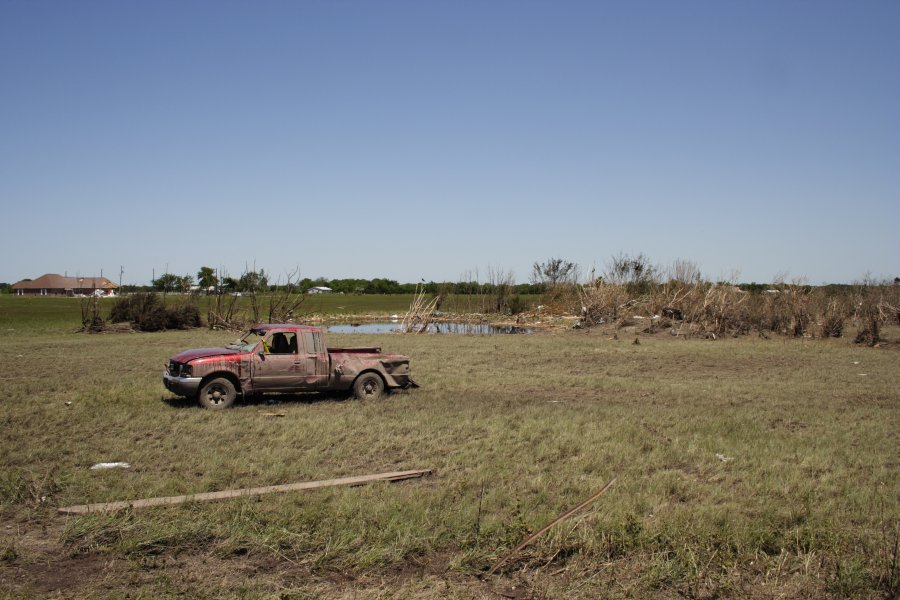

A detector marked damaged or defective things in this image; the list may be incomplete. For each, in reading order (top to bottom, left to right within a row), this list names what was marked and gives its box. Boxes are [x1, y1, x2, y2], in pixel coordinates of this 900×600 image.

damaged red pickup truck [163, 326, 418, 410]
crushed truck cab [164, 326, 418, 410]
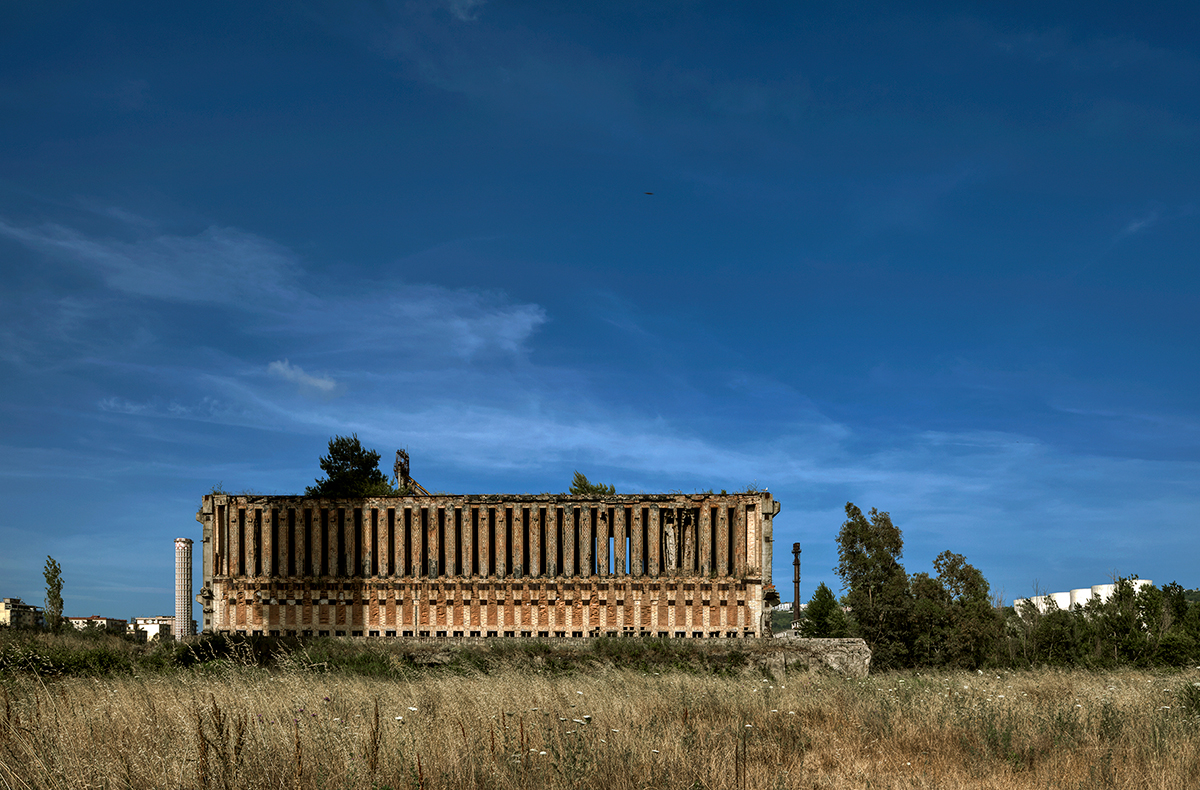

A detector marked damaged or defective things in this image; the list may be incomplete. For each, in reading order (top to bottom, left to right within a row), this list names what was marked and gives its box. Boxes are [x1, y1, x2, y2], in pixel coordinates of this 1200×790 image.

= = = = = = =

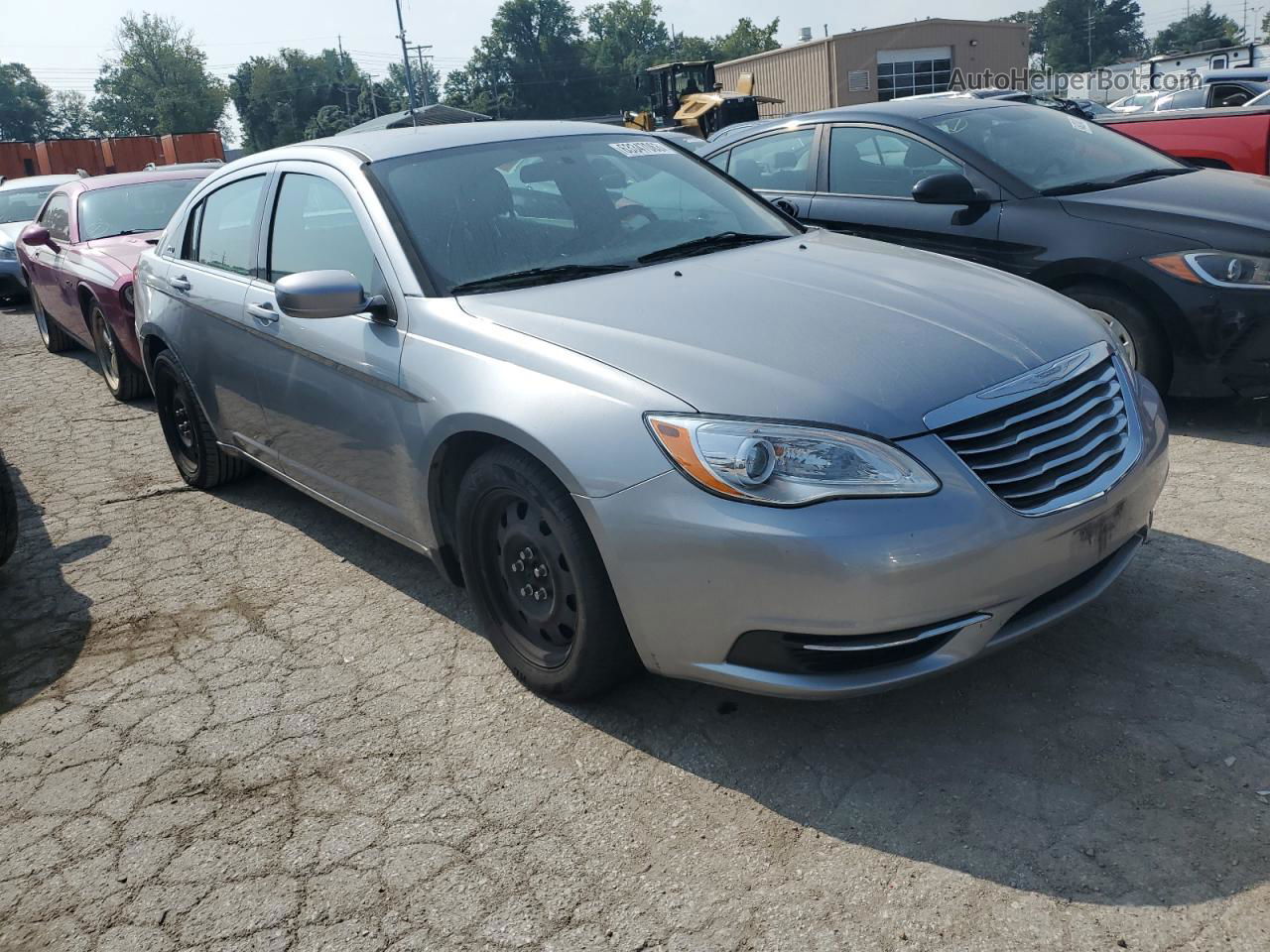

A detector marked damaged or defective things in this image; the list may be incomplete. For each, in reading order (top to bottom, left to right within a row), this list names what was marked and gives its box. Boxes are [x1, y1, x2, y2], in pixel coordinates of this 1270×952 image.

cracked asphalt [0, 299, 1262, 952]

= = = = = = =

* _PROBLEM TO WORK ON_: In the records above, find the line containing "this 900×600 image." and the line containing "this 1200×790 image.", then give both of them again word for word along with every line between. Omit any pictures.

* _RESULT OF THE TASK_:
A detector marked damaged or defective things in this image; the list may be incomplete. For each, in reading order (top to bottom, left to right within a row), this list names what was marked and gives its box. Boxes are [x1, y1, x2, y2], in pixel coordinates of this 900×600 image.

damaged red pickup truck [163, 326, 418, 410]
crushed truck cab [164, 326, 418, 410]

A detector marked damaged or defective things in this image; the list may be incomplete. For each, in reading order (top to bottom, left to right within a row), this list names what was marked and gives its box. Boxes are [x1, y1, x2, y2], in pixel coordinates of this 1200×790 image.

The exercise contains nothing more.